La suddetta frase della sentenza impugnata contiene un'enunciazione ininfluente, una volta ritenuta la totale non spettanza del compenso esaminato. Trattasi, dunque, di obiter dictum di nessun rilievo ai fini della decisione.

Col ricorso incidentale, la società lamenta, ex art. 360, n. 3 e n. 5, c.p.c., che il Tribunale abbia escluso l'efficacia novativa del contratto federale 25 luglio 1988 e di conseguenza non abbia respinto la pretesa del G. a L. 13.100.000 a titolo di differenze compenso. Che la suddetta somma riguardava il rimborso spese, non spettante al G. dopo l'esonero, avendo egli lasciato P. e non avendo subito esborsi per spese dopo tale evento.

Il ricorso è infondato.

Sono stati già ricordati nell'esame del ricorso principale, i limiti posti a questa Corte circa l'interpretazione dei contratti. Il Tribunale, nell'esaminare i due contratti successivi, quello individuale e quello federale, ha escluso essersi verificata una novazione. Si è già detto che questa Corte non può assumere un'interpretazione alternativa. Il ricorrente incidentale non ha dedotto quali canoni ermeneutici sarebbero stati violati né perché il ragionamento del Tribunale sarebbe illogico o insufficiente, limitandosi ad offrire una diversa interpretazione del secondo contratto, cui attribuisce carattere totalmente novativo: deduzione, questa, così come proposta, inammissibile in questa sede, perché non preceduta dalla dimostrazione di un vizio di motivazione nella sentenza impugnata.
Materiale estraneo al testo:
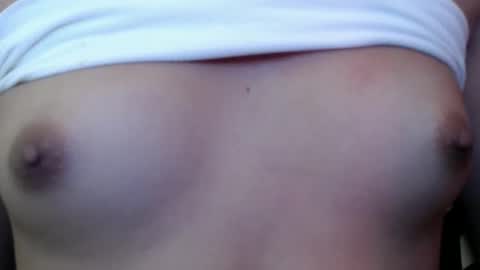 Snapshot of pinay_julia chatting on 11/03/25, 10:27 Julia rain online show from 11/03/25, 10:27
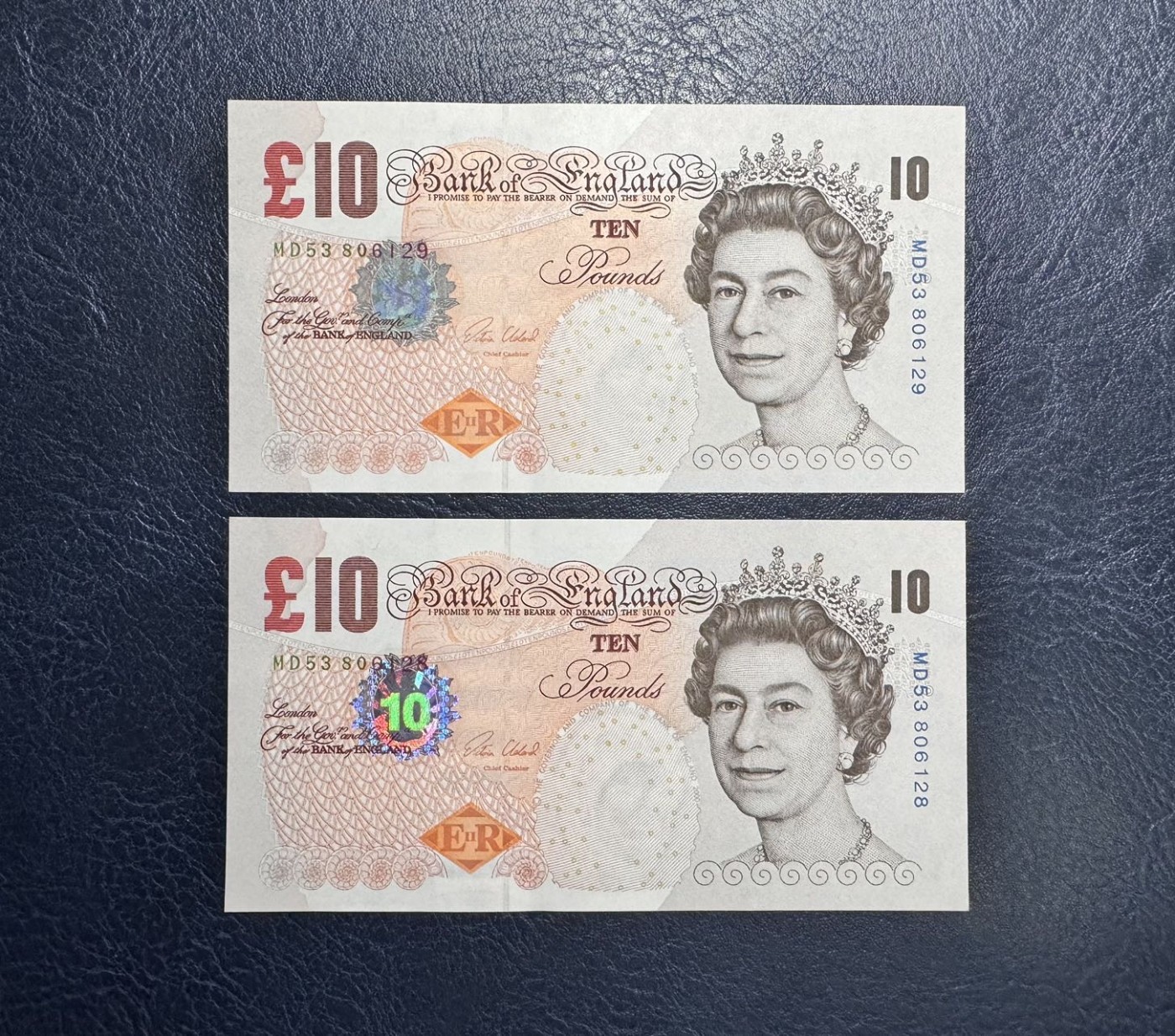 收藏联盟Quantum Auction 第335期拍卖  英国2000版10镑两连号 品相UNC 朦胧号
Per quanto attiene la somma di L. 13.100.000, il Tribunale l'ha considerata come residuo del compenso di 48 milioni pattuito con contratto individuale del 26 giugno 1988, spettante al Gio. Il diverso, titolo (rimborso collegato all'effettiva erogazione delle spese) indicato dalla società presuppone un nuovo esame del fatto che è precluso a questa Corte.

Ambo i ricorsi vanno, dunque, rigettati. La reciproca soccombenza comporta, fra le parti, la compensazione delle spese di questo giudizio di cassazione.

P.Q.M.

Riunisce i ricorsi e li rigetta entrambi.

Compensa, fra le parti, le spese di questo giudizio di cassazione.

Così deciso il 25 ottobre 1995.

DEPOSITATA IN CANCELLERIA IL 17 GENNAIO 1996.